# Problem description:
Nothing but the lines from the one containing "bedroom featuring light" through the end of the data below should appear in the answer, each exact and free of pictures.

Given material section start

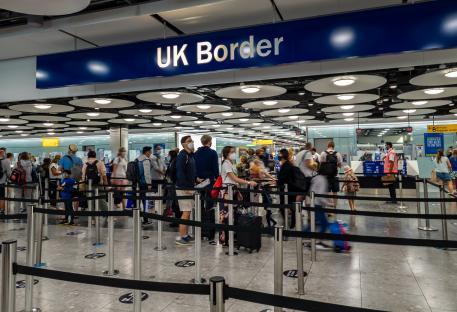 Passengers waiting in line at UK Border Control in Heathrow Airport Terminal 5.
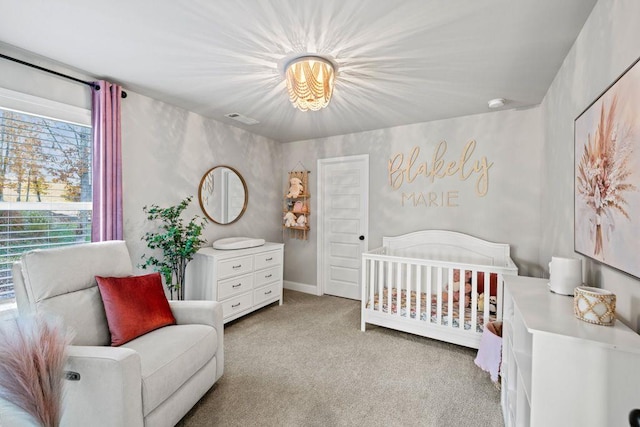 bedroom featuring light carpet, visible vents, and a crib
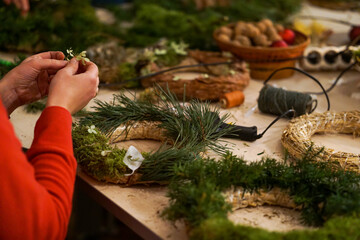 Process of making Advent wreath, natural materials only, such as moss and dried orange slices 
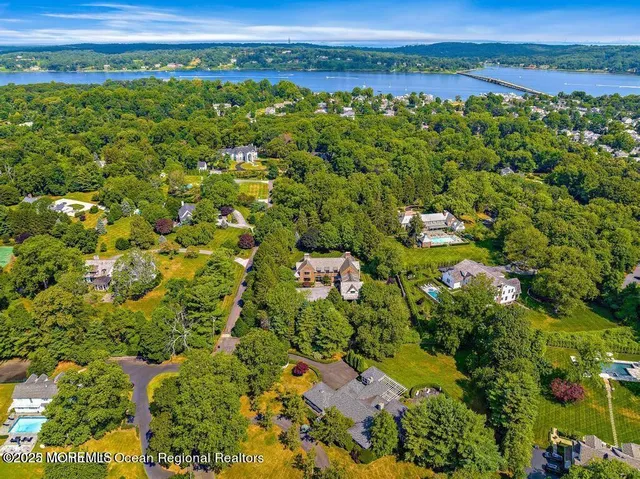 a kitchen that has a lot of cabinets and wooden floor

Given material section end

# Task solution:
 bedroom featuring light carpet, visible vents, and a crib
 Process of making Advent wreath, natural materials only, such as moss and dried orange slices 
 a kitchen that has a lot of cabinets and wooden floor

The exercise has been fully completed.